The Stone Home opens in 2011, when forty-six-year-old Eunju Oh opens the door of her Daegu apartment to an unexpected visitor. Narae has come from New York to speak with Eunju at the suggestion of her father, Sangchul, who has just died. From 1980 to 1981, Eunju and Sangchul crossed paths at the Stone Home, a rehabilitation center that Kim models on Brothers Home. Eunju reluctantly takes on the task of exposing Narae to the long-buried truth of what happened at the Stone Home.

With this frame, Kim launches a dual-timeline, intergenerational story. For much of the novel, Eunju is plunged into the past, painfully reliving the year she and her mother spent interned at the Stone Home. Chapters alternate between Eunju’s first-person narration of her own experiences there and her third-person omniscient recounting of Sangchul’s story. Kim uses short interludes set in 2011 to give us a break from the harrowing intensity of both characters’ traumas and weave in historical context. As Eunju explains in one such section, the people sent away “were the vestiges of a country trying to reshape itself. It was easier not to see, to let us disappear.” 

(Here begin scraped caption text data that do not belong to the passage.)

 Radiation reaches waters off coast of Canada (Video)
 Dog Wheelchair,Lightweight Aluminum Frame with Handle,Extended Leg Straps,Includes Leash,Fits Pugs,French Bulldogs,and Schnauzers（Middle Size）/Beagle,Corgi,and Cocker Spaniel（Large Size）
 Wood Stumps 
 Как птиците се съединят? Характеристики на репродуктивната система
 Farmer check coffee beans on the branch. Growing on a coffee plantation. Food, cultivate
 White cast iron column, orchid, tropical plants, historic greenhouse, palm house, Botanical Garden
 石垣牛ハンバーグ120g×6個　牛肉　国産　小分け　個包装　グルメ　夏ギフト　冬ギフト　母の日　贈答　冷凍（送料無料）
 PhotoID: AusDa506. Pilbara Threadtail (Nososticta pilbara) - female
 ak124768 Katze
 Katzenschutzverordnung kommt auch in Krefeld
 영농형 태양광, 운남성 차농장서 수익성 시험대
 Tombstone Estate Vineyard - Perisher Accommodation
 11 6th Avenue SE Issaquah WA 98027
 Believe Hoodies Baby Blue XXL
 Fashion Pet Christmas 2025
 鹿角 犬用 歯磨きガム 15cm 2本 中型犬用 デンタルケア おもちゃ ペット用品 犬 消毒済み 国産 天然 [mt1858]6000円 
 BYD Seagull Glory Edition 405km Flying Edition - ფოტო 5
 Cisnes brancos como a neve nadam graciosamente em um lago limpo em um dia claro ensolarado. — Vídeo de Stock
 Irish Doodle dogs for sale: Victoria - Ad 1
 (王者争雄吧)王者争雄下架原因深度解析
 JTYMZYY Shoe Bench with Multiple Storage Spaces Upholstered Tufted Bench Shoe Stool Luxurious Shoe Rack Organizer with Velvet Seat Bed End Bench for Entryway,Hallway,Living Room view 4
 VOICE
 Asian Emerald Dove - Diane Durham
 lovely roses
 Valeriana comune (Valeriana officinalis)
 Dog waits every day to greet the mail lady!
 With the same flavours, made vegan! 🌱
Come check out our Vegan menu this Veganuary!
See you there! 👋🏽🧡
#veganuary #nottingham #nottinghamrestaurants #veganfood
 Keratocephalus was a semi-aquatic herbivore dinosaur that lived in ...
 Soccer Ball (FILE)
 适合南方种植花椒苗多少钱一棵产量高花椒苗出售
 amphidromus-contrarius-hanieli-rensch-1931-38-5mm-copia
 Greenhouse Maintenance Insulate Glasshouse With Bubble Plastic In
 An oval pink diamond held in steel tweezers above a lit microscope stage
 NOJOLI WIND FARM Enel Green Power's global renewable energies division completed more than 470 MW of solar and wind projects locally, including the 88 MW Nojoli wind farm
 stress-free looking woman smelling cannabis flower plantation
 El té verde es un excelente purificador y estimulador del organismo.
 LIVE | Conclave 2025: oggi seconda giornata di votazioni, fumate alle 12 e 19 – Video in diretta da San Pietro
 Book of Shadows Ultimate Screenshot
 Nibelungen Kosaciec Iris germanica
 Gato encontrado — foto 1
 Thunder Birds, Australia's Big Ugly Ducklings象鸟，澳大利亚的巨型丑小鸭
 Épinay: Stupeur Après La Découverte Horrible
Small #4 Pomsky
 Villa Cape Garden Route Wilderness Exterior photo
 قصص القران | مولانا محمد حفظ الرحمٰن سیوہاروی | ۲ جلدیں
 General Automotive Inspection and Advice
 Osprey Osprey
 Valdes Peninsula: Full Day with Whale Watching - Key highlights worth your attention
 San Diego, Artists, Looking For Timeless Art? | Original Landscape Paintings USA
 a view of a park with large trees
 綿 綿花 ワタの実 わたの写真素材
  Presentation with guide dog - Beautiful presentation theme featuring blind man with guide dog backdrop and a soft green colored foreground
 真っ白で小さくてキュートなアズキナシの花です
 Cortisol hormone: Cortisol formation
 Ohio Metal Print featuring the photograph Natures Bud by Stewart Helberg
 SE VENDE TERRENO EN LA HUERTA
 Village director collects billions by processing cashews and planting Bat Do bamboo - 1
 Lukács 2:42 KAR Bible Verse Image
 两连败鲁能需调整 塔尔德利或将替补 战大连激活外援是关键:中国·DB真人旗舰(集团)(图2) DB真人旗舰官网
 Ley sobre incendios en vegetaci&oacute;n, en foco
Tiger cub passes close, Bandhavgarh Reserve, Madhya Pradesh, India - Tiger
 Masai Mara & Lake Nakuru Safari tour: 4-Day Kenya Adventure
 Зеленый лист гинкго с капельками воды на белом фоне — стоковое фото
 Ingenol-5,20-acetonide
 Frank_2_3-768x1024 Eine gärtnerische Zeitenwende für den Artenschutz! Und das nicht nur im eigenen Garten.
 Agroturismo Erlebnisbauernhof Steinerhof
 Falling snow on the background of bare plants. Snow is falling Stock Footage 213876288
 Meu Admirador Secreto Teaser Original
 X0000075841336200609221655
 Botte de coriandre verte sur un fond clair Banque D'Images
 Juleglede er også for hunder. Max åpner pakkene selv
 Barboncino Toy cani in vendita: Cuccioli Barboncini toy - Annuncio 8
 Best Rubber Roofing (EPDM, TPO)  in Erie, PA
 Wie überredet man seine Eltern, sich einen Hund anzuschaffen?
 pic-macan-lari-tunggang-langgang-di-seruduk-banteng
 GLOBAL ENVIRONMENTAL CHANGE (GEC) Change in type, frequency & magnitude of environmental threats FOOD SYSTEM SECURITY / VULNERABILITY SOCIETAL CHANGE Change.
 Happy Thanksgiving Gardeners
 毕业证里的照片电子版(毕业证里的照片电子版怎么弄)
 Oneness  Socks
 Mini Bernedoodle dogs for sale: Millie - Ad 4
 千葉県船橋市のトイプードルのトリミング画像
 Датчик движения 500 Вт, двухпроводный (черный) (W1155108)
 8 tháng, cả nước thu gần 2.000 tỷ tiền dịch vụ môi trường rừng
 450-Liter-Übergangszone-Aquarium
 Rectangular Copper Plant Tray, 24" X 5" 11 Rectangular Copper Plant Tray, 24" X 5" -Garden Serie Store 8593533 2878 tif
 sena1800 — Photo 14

The brutality of the Stone Home is indeed difficult to confront. At the top of its hierarchy are Warden, a smarmy middle-aged man whose Christianity serves as a cover for his cruelty, and Teacher, a henchman who does no actual teaching. The facility is largely filled with “wayward boys,” but, as Warden explains, “we have space for the most vagrant women.” The boys — mostly teens like Sangchul and his older brother — are assigned to workshops where they produce goods for domestic and international sale. Meanwhile, Eunju and her mother join a small group of women and girls who spend most of their time locked in a kitchen, cooking meals that are insufficient to sate anyone’s hunger. 

If the boys don’t meet each day’s production quota, Warden lashes them. But physical abuse is also doled out randomly. Teacher frequently erupts and attacks anyone in his path, and appointed “Keepers” — slightly older teens who were once “wayward” themselves — are all too ready to beat and rape their peers, “sucking satisfaction from these small acts of power.” Kim’s descriptions of violence are at times hard to read, but they never feel gratuitous. Each assault is tied to the novel’s exploration of the intoxicating effects of power, how easily it is abused, and how quickly we accept its crooked logic. 

Over the course of the novel, Eunju and Sangchul must each determine how to make it out alive without accepting their disempowerment. The two recognize the worst of themselves in one another: a quick temper, selfishness, a tendency to compete rather than collaborate. While Eunju never loses sight of her mission — plotting an escape for herself and her mother — Sangchul gradually becomes more concerned with eking out an existence within the nightmare that Warden has constructed, with or without his brother. 

Ultimately, they both must learn to trust their fellow inmates — and one another — in order to survive. Kim thus tempers the tale’s bleakness with a reminder that the human spirit can find ways to survive under the worst of circumstances. Solidarity brings not only greater strength but also justice, reconciliation, and hope for the future.